Required work
Wherever the word "with" appears in a line of the data, that line should be copied.

Materials provided

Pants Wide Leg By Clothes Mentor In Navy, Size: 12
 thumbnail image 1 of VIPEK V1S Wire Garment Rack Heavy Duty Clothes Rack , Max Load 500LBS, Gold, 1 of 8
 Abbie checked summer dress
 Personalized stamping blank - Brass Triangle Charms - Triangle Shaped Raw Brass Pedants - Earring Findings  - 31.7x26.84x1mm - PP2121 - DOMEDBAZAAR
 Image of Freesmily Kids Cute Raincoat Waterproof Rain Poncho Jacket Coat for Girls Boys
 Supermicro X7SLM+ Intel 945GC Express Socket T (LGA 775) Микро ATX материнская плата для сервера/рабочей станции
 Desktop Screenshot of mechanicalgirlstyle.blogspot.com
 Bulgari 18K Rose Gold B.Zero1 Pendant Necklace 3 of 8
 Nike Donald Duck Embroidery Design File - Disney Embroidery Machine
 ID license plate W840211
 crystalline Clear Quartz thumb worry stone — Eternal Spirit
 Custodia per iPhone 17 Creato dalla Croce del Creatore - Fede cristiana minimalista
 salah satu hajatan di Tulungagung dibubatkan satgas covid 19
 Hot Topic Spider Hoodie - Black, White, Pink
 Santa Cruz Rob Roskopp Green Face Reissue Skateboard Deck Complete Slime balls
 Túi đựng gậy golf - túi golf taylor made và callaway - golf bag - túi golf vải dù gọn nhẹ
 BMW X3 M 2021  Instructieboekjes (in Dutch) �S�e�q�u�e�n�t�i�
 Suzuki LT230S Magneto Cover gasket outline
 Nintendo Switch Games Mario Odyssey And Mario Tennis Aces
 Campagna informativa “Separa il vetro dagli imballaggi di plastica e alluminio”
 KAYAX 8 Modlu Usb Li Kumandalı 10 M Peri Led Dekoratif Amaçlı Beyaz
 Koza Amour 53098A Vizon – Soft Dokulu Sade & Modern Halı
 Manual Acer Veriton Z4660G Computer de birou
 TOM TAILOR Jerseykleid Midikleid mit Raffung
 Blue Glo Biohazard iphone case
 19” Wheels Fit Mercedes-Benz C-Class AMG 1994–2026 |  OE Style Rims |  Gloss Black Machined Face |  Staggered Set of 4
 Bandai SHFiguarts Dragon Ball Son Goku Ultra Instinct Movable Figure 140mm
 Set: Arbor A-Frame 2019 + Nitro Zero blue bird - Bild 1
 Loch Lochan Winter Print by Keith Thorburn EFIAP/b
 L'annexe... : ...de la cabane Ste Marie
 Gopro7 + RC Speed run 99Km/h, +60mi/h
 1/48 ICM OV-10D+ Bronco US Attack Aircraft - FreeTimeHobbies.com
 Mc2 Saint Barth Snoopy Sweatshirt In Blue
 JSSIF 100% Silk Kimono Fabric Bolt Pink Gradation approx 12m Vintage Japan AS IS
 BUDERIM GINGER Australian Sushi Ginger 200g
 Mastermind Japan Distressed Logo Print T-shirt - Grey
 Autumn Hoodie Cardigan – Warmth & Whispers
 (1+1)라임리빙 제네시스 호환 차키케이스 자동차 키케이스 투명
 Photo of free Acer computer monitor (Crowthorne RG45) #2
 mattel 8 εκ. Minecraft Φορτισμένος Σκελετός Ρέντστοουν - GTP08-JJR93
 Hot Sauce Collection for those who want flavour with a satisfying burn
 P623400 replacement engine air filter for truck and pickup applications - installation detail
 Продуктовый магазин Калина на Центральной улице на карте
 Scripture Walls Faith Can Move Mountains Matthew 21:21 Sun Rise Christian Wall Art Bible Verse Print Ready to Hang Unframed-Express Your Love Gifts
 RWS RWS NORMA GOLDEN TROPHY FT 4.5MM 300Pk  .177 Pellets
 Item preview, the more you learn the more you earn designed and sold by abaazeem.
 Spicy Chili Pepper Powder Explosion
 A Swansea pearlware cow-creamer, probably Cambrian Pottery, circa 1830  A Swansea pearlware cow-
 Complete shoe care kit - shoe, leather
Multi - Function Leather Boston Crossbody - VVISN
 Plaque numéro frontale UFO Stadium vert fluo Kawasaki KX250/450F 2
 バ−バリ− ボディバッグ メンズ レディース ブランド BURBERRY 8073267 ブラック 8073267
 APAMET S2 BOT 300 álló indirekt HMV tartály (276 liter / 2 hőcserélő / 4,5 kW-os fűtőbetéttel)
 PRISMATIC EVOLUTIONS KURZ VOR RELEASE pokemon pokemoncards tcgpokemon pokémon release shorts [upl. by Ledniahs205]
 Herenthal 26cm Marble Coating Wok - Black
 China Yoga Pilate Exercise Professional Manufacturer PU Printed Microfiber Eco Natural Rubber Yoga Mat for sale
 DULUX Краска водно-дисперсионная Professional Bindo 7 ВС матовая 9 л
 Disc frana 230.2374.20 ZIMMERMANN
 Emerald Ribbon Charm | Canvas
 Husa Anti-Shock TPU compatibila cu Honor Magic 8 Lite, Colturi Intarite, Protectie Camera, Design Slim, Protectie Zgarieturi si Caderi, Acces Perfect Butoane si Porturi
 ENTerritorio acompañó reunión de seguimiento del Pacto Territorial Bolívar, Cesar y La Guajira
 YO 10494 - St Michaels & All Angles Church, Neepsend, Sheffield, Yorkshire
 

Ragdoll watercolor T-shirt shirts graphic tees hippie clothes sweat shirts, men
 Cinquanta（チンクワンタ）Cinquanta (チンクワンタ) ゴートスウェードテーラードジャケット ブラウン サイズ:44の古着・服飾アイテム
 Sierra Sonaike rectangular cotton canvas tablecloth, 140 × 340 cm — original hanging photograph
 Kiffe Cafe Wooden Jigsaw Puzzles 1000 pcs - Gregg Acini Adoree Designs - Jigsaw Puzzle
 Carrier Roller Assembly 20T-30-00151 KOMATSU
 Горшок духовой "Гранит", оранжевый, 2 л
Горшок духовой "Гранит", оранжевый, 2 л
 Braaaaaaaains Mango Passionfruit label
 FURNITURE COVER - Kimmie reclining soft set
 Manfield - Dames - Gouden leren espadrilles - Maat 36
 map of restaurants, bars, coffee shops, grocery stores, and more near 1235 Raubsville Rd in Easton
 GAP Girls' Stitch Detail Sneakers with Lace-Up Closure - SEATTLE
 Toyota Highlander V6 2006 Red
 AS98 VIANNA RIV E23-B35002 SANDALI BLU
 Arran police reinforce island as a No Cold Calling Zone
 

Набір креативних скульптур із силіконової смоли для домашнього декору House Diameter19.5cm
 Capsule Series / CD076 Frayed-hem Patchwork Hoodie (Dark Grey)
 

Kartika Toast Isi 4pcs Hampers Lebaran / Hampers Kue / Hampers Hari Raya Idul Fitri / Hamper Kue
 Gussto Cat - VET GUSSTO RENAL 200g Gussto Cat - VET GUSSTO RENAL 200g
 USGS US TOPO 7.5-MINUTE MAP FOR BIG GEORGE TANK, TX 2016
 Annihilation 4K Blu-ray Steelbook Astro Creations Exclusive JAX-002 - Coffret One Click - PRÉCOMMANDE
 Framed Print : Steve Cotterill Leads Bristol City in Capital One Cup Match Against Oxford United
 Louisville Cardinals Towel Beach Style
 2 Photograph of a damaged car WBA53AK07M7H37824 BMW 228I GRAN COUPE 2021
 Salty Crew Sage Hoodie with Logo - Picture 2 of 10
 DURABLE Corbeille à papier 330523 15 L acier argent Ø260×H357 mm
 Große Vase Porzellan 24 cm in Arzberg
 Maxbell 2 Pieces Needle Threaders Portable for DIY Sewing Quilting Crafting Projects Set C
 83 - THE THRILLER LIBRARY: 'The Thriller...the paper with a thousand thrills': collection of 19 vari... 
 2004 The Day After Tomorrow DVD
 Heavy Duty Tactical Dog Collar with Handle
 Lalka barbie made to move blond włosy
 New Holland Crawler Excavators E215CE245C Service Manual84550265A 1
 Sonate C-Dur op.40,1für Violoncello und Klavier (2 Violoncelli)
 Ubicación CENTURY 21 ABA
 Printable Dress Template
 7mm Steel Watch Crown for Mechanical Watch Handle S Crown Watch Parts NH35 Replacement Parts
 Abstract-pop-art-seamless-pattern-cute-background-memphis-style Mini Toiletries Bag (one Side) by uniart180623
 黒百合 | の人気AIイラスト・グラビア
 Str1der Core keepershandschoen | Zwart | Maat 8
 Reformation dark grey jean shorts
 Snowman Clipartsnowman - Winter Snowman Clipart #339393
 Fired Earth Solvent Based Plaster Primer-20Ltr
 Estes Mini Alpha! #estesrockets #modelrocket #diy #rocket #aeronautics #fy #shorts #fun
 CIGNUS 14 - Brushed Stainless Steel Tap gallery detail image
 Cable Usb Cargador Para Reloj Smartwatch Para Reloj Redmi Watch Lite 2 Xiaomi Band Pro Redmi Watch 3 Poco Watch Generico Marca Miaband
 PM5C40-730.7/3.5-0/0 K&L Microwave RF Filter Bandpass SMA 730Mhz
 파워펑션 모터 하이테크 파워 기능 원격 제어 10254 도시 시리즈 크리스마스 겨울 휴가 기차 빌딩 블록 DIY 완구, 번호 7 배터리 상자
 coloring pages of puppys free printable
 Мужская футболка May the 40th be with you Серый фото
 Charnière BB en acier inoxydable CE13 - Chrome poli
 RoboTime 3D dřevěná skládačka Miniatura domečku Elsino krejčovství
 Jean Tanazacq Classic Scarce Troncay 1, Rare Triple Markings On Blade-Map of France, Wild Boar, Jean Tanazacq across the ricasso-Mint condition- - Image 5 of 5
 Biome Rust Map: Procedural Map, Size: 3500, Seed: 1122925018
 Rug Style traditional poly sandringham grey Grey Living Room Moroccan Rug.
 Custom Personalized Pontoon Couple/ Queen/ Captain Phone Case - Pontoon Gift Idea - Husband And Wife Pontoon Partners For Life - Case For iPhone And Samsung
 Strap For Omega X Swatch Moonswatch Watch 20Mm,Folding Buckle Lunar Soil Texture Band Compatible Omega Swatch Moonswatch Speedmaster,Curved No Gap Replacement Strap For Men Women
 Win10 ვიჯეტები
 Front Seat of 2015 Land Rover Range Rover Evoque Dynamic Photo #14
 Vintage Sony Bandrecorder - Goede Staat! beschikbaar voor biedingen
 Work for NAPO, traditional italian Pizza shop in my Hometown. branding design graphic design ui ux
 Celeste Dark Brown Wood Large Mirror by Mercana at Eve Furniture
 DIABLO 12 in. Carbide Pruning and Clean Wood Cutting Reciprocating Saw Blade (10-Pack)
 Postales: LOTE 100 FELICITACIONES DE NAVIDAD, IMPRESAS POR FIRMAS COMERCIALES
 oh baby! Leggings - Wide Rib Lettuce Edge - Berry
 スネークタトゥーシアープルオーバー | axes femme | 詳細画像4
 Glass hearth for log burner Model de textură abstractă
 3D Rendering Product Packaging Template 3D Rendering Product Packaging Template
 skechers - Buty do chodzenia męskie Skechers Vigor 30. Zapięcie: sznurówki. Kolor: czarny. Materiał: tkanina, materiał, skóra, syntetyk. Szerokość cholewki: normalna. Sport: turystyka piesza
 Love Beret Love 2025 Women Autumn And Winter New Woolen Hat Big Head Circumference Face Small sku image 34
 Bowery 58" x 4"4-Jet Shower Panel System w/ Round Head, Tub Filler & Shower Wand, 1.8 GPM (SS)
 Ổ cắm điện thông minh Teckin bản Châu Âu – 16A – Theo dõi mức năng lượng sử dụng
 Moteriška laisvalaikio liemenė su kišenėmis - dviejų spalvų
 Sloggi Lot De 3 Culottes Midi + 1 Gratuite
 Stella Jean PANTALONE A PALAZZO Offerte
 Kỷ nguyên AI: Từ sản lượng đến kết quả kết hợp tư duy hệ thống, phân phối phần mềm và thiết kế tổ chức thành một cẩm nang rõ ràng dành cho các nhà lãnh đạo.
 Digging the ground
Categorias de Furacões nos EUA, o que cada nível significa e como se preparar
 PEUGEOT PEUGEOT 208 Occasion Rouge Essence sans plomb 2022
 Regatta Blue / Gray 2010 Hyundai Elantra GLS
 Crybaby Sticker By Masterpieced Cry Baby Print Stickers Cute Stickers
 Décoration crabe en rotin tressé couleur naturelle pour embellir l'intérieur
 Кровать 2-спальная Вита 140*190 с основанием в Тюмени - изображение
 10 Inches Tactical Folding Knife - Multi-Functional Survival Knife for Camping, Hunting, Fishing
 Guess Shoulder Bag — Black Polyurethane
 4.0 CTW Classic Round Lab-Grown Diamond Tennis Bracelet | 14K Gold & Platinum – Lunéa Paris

Answer to this task
 Hot Sauce Collection for those who want flavour with a satisfying burn
 GAP Girls' Stitch Detail Sneakers with Lace-Up Closure - SEATTLE
 Salty Crew Sage Hoodie with Logo - Picture 2 of 10
 83 - THE THRILLER LIBRARY: 'The Thriller...the paper with a thousand thrills': collection of 19 vari... 
 Heavy Duty Tactical Dog Collar with Handle
 Мужская футболка May the 40th be with you Серый фото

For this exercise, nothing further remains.